*** Records for the exercise ***

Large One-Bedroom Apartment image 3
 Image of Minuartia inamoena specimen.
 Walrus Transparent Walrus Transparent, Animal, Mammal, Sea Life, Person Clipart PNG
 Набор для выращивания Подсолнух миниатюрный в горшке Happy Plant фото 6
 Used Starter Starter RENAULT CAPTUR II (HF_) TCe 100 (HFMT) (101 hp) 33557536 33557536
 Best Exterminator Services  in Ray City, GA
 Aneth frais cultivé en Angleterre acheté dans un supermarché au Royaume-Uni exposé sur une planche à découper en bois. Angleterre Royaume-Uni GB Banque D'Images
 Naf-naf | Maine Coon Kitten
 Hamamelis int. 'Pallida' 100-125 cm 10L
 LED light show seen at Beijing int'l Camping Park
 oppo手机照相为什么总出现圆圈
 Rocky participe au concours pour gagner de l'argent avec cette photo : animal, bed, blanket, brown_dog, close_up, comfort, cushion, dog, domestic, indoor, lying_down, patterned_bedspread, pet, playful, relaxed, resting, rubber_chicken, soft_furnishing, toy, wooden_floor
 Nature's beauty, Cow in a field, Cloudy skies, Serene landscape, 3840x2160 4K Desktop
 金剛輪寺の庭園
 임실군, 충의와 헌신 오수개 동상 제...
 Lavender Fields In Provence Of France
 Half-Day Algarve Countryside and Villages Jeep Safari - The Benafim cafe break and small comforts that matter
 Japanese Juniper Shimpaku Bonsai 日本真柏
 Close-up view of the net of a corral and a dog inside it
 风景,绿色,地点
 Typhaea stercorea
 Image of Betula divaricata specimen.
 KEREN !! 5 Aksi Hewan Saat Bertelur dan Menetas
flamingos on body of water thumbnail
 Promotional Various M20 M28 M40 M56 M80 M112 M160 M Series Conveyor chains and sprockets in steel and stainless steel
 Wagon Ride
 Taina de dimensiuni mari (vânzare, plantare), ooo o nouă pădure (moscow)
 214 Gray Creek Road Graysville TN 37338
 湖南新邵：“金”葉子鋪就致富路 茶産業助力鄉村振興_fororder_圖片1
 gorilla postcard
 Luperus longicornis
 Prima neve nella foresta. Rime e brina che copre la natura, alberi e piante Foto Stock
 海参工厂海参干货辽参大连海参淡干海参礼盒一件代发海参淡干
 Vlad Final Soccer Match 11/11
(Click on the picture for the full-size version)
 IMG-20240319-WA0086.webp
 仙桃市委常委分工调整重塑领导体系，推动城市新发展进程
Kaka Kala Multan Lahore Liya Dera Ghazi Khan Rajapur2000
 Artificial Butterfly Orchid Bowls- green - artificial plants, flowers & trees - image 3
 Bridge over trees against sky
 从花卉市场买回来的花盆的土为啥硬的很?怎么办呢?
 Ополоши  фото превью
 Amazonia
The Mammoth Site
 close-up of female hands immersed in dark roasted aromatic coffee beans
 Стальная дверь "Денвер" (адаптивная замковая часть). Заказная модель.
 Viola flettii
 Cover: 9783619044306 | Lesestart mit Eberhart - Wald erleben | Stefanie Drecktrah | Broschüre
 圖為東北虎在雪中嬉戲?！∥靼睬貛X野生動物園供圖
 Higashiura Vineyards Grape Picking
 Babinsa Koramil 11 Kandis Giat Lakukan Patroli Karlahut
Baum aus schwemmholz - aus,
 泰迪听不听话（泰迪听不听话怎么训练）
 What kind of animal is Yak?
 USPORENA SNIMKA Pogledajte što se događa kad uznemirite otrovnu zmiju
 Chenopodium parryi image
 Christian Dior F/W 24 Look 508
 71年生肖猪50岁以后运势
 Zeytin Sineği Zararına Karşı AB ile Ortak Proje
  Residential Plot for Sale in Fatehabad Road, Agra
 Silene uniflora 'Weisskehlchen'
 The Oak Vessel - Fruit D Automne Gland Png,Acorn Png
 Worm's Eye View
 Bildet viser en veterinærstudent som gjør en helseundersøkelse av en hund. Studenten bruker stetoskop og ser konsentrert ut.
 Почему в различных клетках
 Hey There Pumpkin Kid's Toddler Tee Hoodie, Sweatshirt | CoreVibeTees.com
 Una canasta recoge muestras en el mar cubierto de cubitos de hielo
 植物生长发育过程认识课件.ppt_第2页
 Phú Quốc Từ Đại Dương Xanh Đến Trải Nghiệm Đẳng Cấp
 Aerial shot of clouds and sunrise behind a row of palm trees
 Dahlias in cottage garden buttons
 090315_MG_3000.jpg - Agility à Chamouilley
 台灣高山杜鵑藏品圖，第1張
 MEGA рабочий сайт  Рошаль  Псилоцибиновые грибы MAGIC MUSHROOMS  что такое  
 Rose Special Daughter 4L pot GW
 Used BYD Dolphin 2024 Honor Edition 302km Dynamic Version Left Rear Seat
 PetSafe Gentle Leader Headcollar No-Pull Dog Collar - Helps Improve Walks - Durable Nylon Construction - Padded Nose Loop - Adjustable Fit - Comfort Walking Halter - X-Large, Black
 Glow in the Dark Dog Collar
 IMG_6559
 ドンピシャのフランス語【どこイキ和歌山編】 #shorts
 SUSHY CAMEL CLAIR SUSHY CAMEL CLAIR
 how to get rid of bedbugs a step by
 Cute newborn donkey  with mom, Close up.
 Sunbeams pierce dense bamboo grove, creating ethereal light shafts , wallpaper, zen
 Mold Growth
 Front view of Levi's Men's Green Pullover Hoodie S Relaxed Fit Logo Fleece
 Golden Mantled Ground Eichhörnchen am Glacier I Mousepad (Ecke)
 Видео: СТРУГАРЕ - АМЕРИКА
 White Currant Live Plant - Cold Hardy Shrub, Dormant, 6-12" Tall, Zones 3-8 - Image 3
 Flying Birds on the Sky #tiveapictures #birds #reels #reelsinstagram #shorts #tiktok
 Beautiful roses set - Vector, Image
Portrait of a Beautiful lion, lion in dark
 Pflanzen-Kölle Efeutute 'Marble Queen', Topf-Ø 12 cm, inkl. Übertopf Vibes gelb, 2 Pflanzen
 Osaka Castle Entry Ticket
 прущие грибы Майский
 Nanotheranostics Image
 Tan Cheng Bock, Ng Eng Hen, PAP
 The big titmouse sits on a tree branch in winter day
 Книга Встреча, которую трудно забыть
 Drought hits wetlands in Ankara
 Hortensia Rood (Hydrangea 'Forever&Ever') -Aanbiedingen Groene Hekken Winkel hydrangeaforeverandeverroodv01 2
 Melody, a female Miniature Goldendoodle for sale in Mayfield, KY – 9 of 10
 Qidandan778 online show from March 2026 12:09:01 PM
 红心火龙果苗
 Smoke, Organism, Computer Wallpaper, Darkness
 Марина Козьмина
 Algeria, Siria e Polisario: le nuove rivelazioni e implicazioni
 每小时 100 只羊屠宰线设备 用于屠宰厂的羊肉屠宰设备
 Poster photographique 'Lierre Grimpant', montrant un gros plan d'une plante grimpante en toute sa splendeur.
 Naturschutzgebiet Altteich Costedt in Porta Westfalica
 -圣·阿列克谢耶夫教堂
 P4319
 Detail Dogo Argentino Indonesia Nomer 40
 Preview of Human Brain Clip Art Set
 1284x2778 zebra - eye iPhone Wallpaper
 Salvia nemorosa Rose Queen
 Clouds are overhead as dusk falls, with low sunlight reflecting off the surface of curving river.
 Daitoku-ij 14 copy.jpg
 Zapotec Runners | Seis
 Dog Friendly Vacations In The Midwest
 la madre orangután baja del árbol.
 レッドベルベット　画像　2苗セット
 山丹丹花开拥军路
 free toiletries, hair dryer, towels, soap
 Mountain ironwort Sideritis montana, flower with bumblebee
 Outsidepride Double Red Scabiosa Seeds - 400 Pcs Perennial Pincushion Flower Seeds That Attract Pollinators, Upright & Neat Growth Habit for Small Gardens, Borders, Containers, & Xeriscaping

*** End of Records for the exercise ***

» Brief: Please copy, exactly as written, every line in the listing above from the line with "-圣·阿列克谢耶夫教堂" up to and including the line with "Zapotec Runners | Seis".

» Result of the exercise:
 -圣·阿列克谢耶夫教堂
 P4319
 Detail Dogo Argentino Indonesia Nomer 40
 Preview of Human Brain Clip Art Set
 1284x2778 zebra - eye iPhone Wallpaper
 Salvia nemorosa Rose Queen
 Clouds are overhead as dusk falls, with low sunlight reflecting off the surface of curving river.
 Daitoku-ij 14 copy.jpg
 Zapotec Runners | Seis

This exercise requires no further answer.